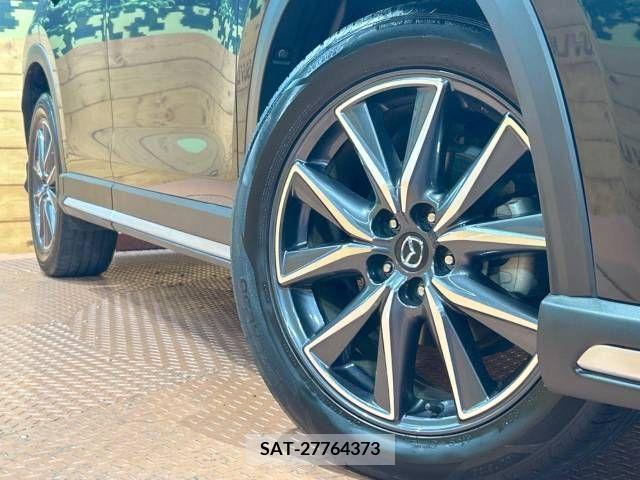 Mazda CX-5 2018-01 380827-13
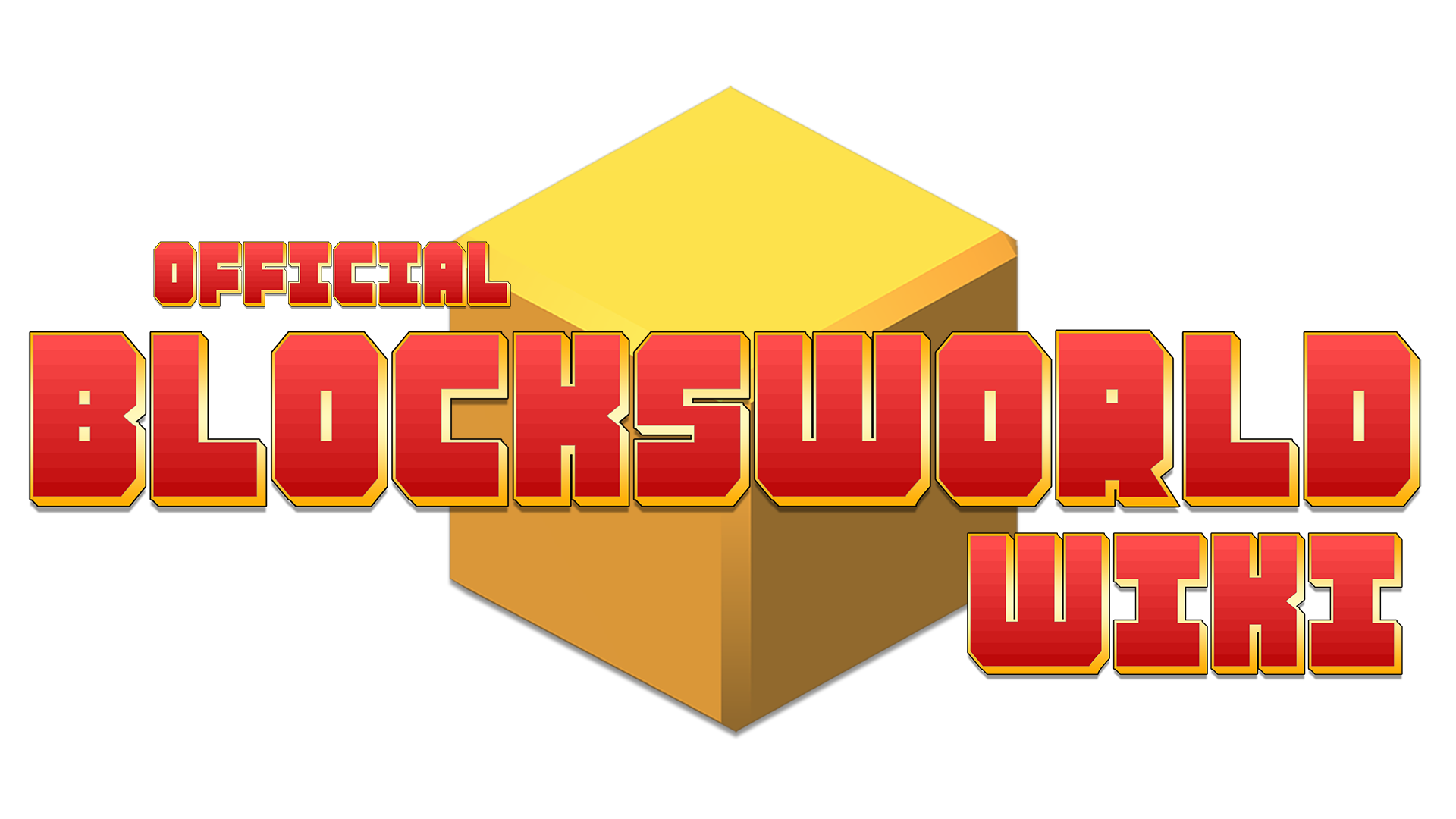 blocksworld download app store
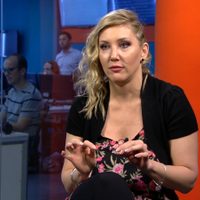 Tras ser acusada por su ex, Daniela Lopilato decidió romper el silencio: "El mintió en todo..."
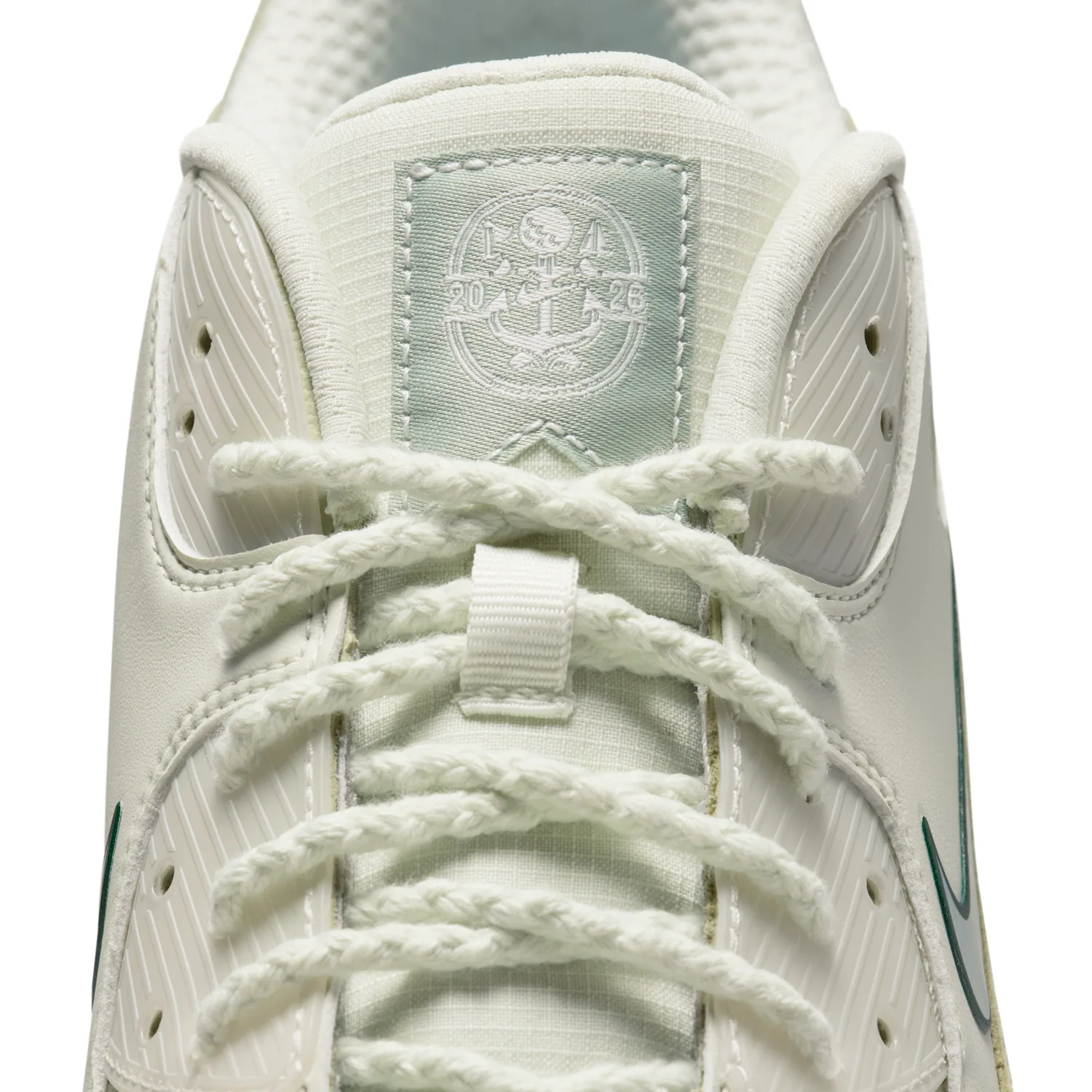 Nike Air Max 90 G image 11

....................

Restating the data word for word is the task, and pictures are to be omitted.

Finished task
 Mazda CX-5 2018-01 380827-13
 blocksworld download app store
 Tras ser acusada por su ex, Daniela Lopilato decidió romper el silencio: "El mintió en todo..."
 Nike Air Max 90 G image 11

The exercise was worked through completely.